A major quake striking northeastern Japan could set off a 22-metre tsunami, kill nearly 3,000 people and cause more than a trillion yen in damage, according to a worst-case government scenario, Kyodo news agency said on Sunday.

The scenario was one of eight pulled together by the government's Central Disaster Prevention Council in a report due out on Wednesday.

Japan is one of the world's most seismically active areas and accounts for about 20 percent of the world's earthquakes of magnitude 6 or greater. A 6.8 magnitude quake that struck the northern Niigata region in 2004 killed more than 40 people.

According to the study, which centred on the Tohoku region of northeastern Japan as well as the east coast of the northernmost island of Hokkaido, around 2,700 people would be killed and some 9,400 buildings destroyed in a worst-case scenario, Kyodo quoted the report as saying.

The same scenario would result in 1.3 trillion yen ($11.25 billion) in damages.

No estimated magnitudes were given by Kyodo, but the area surrounding the city of Sendai, around 450 km (280 miles) north of Tokyo and at the centre of the region in the study, is hit by powerful -- and deadly -- earthquakes every 30 to 40 years.
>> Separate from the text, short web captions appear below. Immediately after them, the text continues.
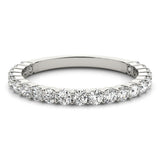 Wedding Band 2.0mm Stones - alt view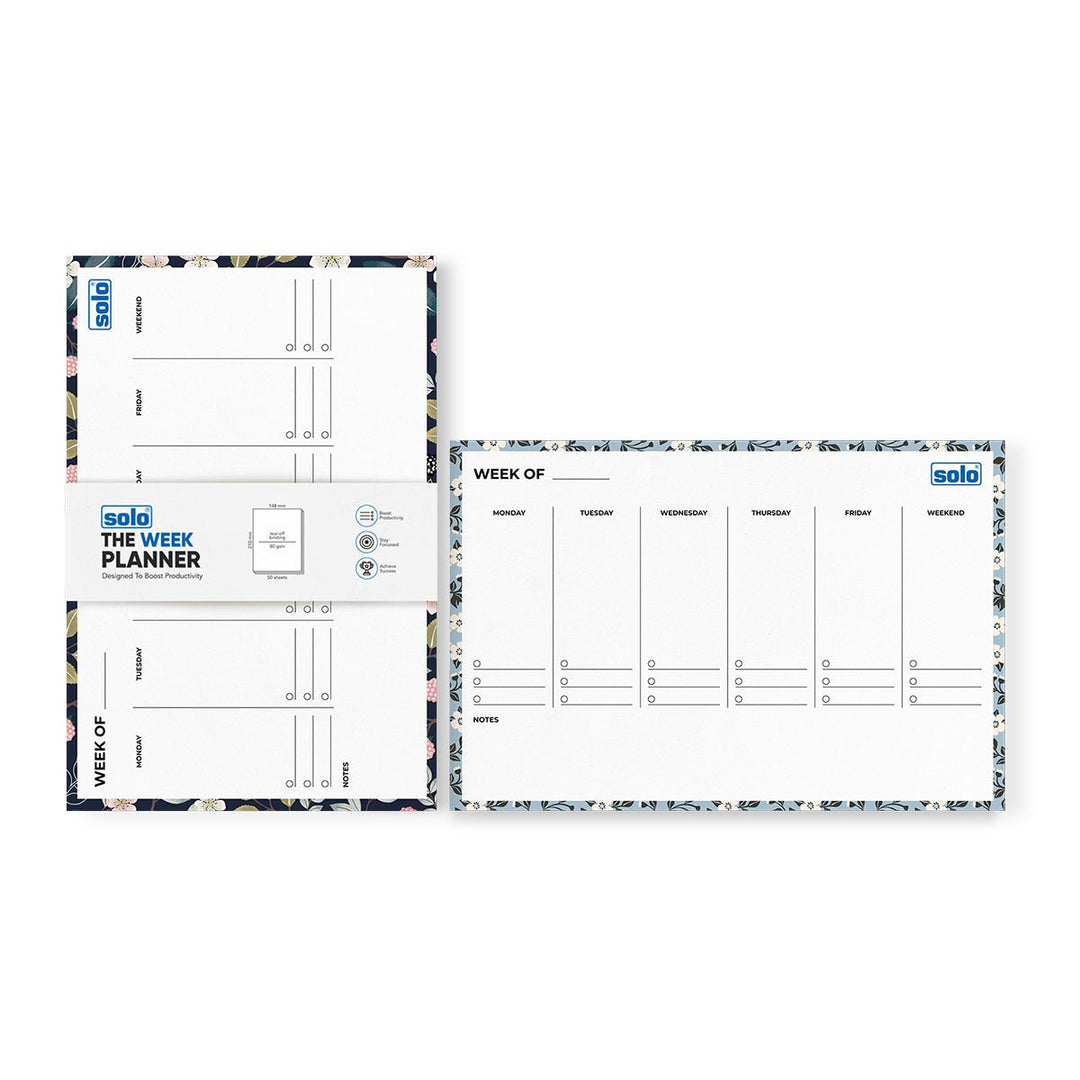 A5 Tear Off Daily Planner | Comprehensive Daily To Do List | For Office, Home & School | 50 Sheets Per Pad, 80 GSM, Pack of 2 - Filex Systems Pvt Ltd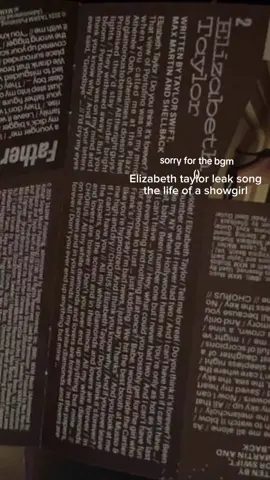 ELIZABETH TAYLOR LEAK the life of a showgirl Leak Taylor swift  #leak #tloasleak #thelifeofashowgirlleak #taylorswift #elizabethtaylor 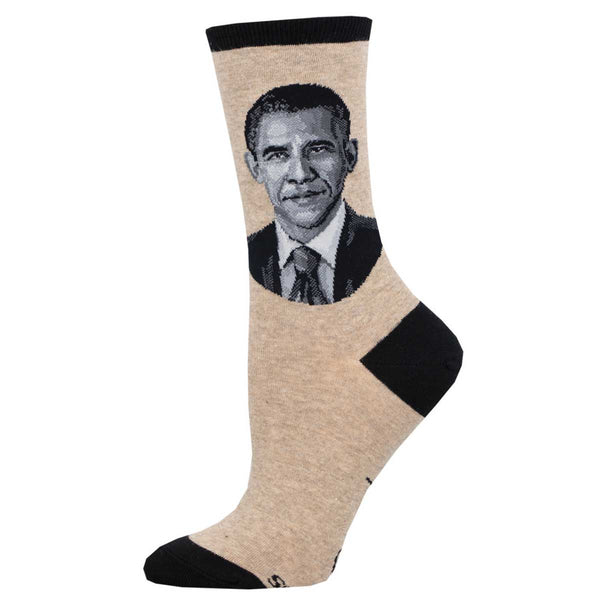 socksmith Cotton Crew President Obama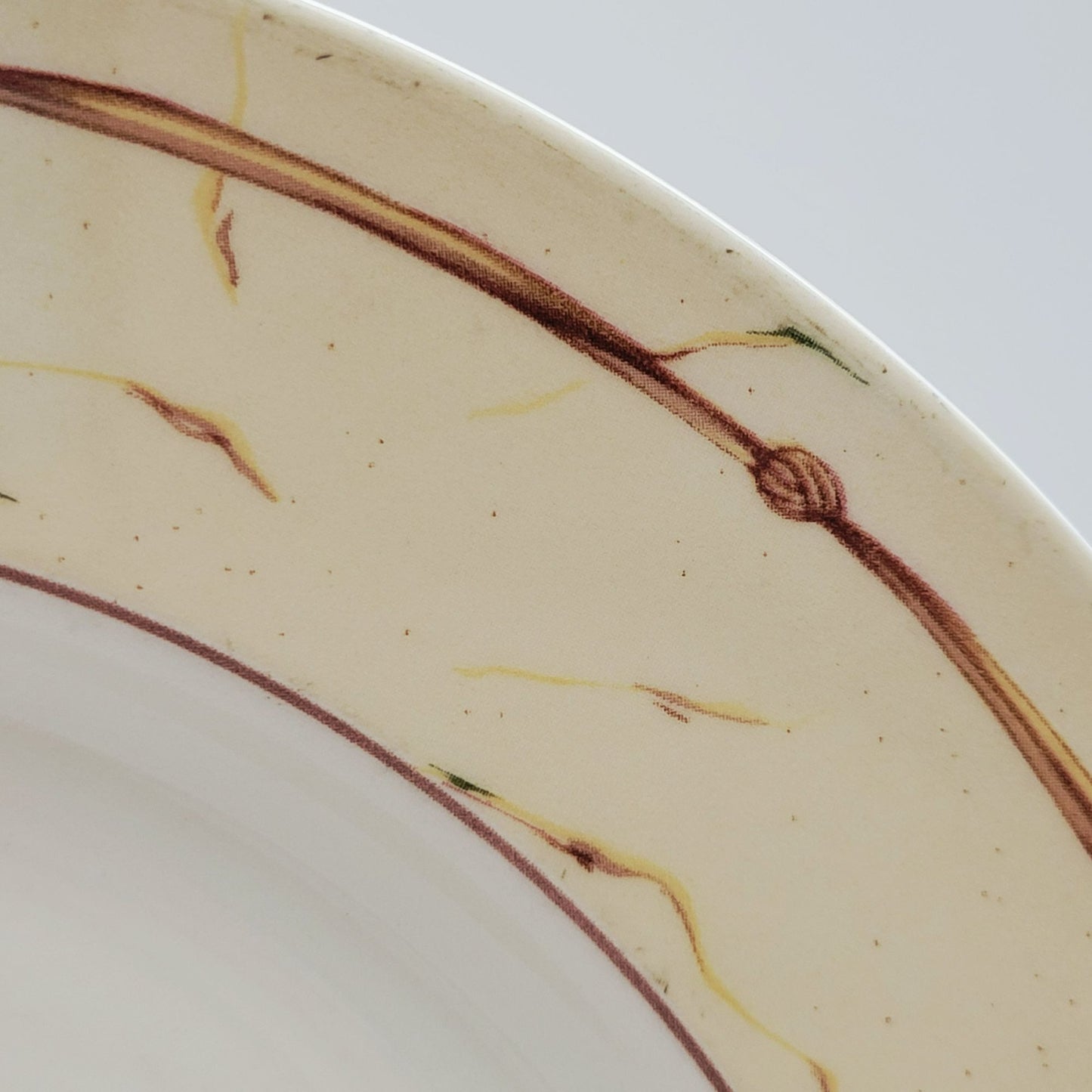 Wedgwood Amway Knotted Raffia Dinner Plate, Set of 2, c1998 England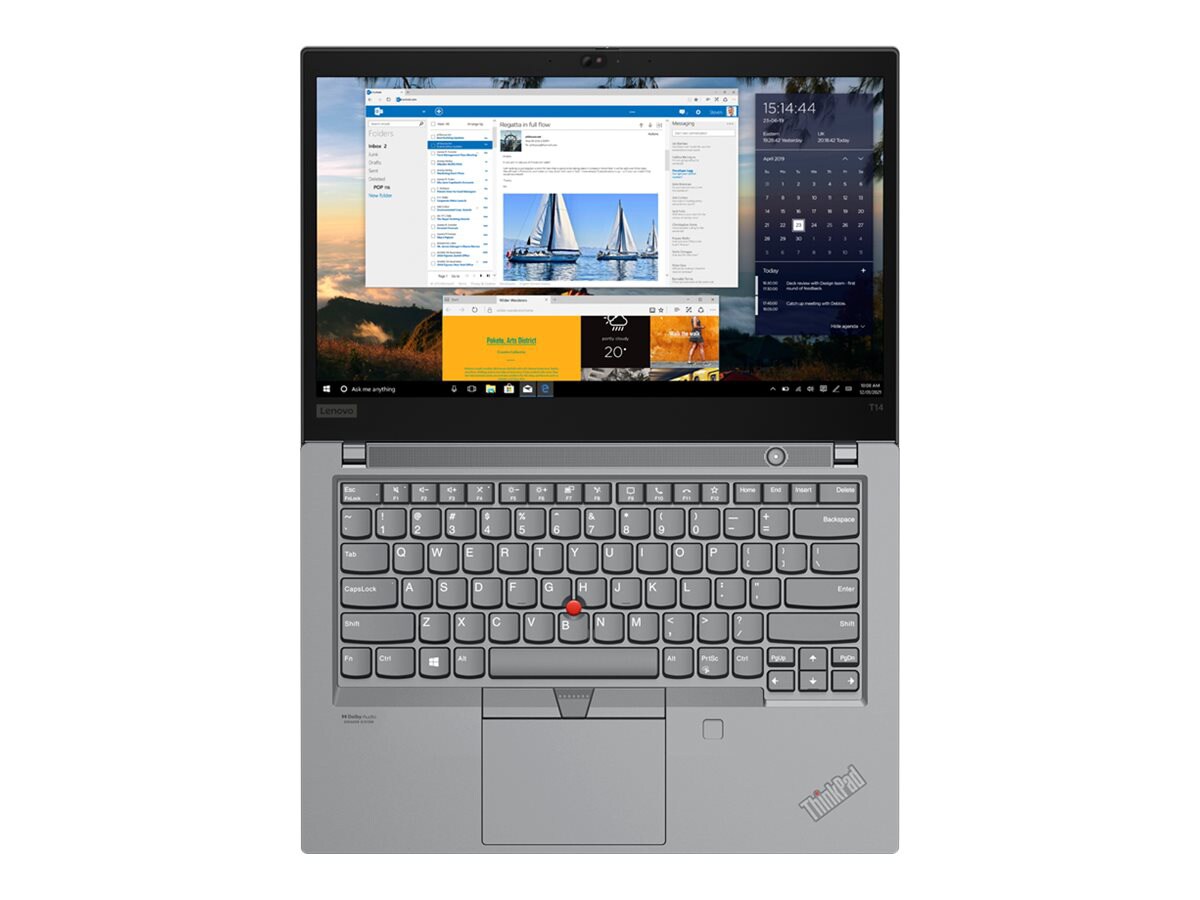 Lenovo ThinkPad T14 Gen 2 - 14" - Core i7 1165G7 - 16 GB RAM - 512 GB SSD -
The last such quake struck in 1978, killing 28 people.

Last August, the Sendai area was rocked by a 7.2 magnitude quake. Some 59 people were injured and 200 houses damaged.

Northeastern Japan would get off comparatively lightly, however.

Last year, the Tokyo metropolitan government said that an earthquake in Tokyo of around 7.3 in magnitude would probably kill 11,000 people and cause more than $1 trillion in economic damage.

Japan's worst recent quake was in 1995, when the western port city of Kobe was stuck by a 7.3 magnitude quake that killed more than 6,400.